Hi NVIDIA community,
I’ve been facing consistent issues with my system involving an RTX 4090 (Driver 560.35.03, CUDA Version 12.6) during graphics-heavy operations, particularly while running stress tests. My system specs are as follows:
- GPU: NVIDIA GeForce RTX 4090
- Driver Version: 560.35.03
- CUDA Version: 12.6
- OS: Ubuntu 22.04.3 (Kernel: 6.8.0-40-generic)
- OpenGL Version: 4.6 NVIDIA 560.35.03
Problem: Whenever I run a stress test or after a couple of hours and while using glmark2
, my GPU eventually crashes, resulting in the error message: “GPU has fallen off the bus”. Here’s a detailed breakdown of what happens:
- The stress test runs fine for a few moments, with the FPS reaching high values (1944-2169 FPS).
- Partway through, I get a segmentation fault, and the GPU seems to disconnect from the system.
- Running
nvidia-smi
after the crash results in the error: “Unable to determine the device handle for GPU 0000:01:00.0: Unknown Error”. - The kernel logs show several PCIe Bus Errors (severity: Correctable and Non-Fatal), and uncorrectable errors related to the Transaction Layer (Requester ID: 8086).

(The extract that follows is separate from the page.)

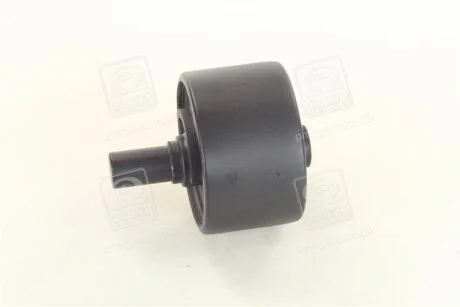 Подушка опори двигуна NISSAN TEANA (вир-во) для RBI N09J31R0 фото товару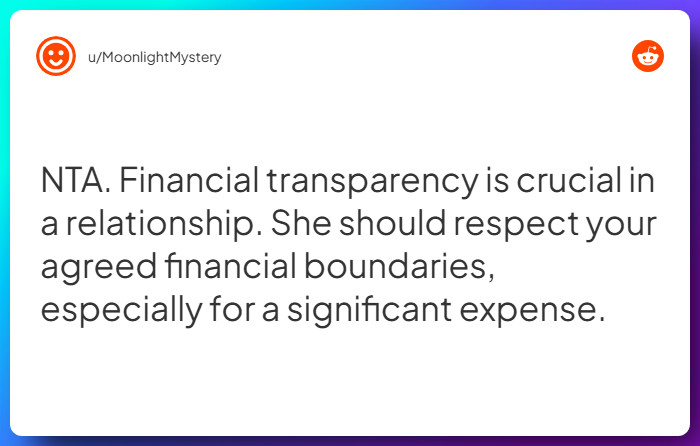 Comment from u/MoonlightMystery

- The logs indicate that the NVIDIA kernel module is unloaded after the crash.
I’ve already tried the following:
- Reinstalling the drivers downgrading and upgrading them.
- Checking for BIOS/UEFI settings related to PCIe and adjusting the PCIe slot speed.
- Verifying the OpenGL configuration.
- Running the
nvidia-bug-report.sh
(attached below).
Despite these efforts, the issue persists. Any help or insights on how to resolve this would be greatly appreciated. I’m particularly interested in understanding whether this could be a hardware issue (PCIe interface) or a software/driver-related problem.
Looking forward to any suggestions or advice!
Thanks in advance!